2. Materials and Methods

2.1. Research Scheme

In this study, the water requirements and precipitation deficits for grapevine cultivation (Vitis vinifera L.) were estimated for vineyards in two regions of southern Poland: the Krakow region (KR) and the Rzeszow region (RZ). These areas are located in the Małopolskie (Lesser Poland) and Podkarpackie (Subcarpathian) provinces, respectively. This study covered two reference periods (1951–2020 and 1971–2020) and one forecast period (2031–2100). Calculations were conducted for the grapevine growing season, which, in Poland lasts from 1 April to 31 October.

The forecast was based on two climate change scenarios: RCP 4.5 and RCP 8.5. Calculations used meteorological data, including reference and projected monthly average temperatures and precipitation totals for both regions.

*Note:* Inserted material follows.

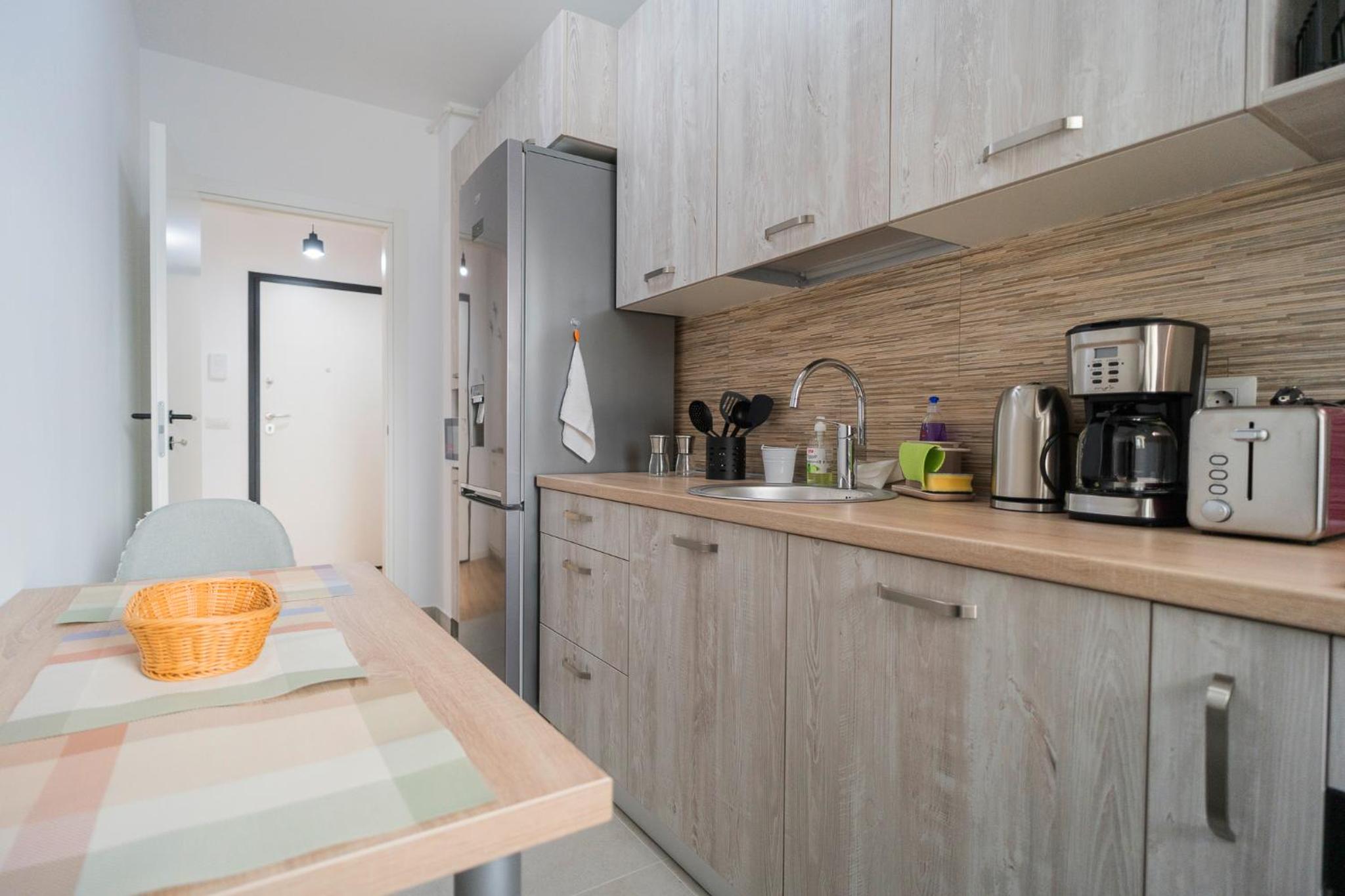 Superior One-Bedroom Apartment photo 2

Forecast data were obtained from the Klimada 2.0 portal [71].

RCP 4.5 represents a moderate scenario. It assumes that, by 2100, atmospheric CO₂ will reach 540 ppm, with radiative forcing of 4.5 W/m² and a global temperature increase of approximately 2.5 °C. RCP 8.5, by contrast, is a high-emission scenario, projecting 940 ppm CO₂, radiative forcing of 8.5 W/m², and a temperature rise of about 4.5 °C.

Reference-period data came from synoptic meteorological stations maintained by the Institute of Water Management–National Research Institute (IMGW), located in Krakow and Rzeszow. These stations are representative of the study areas (

Table 1. Characteristics of thermal and pluvial conditions in the Krakow and Rzeszow regions during the reference period (1951–2020).

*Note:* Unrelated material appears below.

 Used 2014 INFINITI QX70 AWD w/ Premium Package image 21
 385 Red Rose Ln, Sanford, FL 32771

Region	Characteristic	Months of the Growing Season
		April	May	June	July	August	September	October
Monthly average air temperature (°C)
Krakow	Minimum	5.6	10.4	14.4	16.2	15.1	10.5	6.1
	Maximum	14.5	17.7	22.8	22.4	22.0	16.3	12.7
	Mean	9.1	14.1	17.5	19.1	18.4	13.9	9.0
Rzeszow	Minimum	4.6	9.6	14.3	15.4	14.6	10.3	5.7
	Maximum	14.0	17.0	21.5	21.9	22.3	16.3	12.5
	Mean	8.3	13.4	16.9	18.5	17.9	13.5	8.6
Monthly precipitation totals (mm)
Krakow	Minimum	4.4	23.3	4.2	14.2	12.2	6.5	0.1
	Maximum	127.7	302.4	196.8	285.0	185.9	179.8	160.3
	Mean	47.0	78.0	87.3	92.1	79.4	57.9	45.9
Rzeszow	Minimum	3.7	9.8	4.8	10.3	4.9	7.7	3.4
	Maximum	133.0	177.0	174.5	233.8	164.5	141.7	182.1
	Mean	44.0	73.4	81.7	91.2	69.6	57.1	44.6

). The long observation period (since 1951) enables detailed analysis of agro-climatic trends. During the 1951–2020 period, the average temperature during the growing season (from early April to late October) was 13.0 °C in RZ and 14.0 °C in KR. RZ also had 26 mm less precipitation on average than KR (461.6 mm vs. 487.6 mm).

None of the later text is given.